• _What is needed_: Wherever "with" turns up in the entries, copy out the line that holds it.

(Records from a collection)

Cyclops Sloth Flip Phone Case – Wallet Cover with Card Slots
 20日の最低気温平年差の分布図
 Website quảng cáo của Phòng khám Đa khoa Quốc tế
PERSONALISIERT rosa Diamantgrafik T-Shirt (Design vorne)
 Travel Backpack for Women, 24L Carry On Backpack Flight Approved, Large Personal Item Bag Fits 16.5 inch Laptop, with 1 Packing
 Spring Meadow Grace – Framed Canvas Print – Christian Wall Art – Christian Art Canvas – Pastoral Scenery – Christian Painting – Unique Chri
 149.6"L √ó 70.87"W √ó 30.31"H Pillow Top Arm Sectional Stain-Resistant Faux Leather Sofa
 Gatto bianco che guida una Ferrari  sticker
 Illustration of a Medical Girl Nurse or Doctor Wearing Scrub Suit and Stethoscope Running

• _Solution for this exercise_:
Cyclops Sloth Flip Phone Case – Wallet Cover with Card Slots
 Travel Backpack for Women, 24L Carry On Backpack Flight Approved, Large Personal Item Bag Fits 16.5 inch Laptop, with 1 Packing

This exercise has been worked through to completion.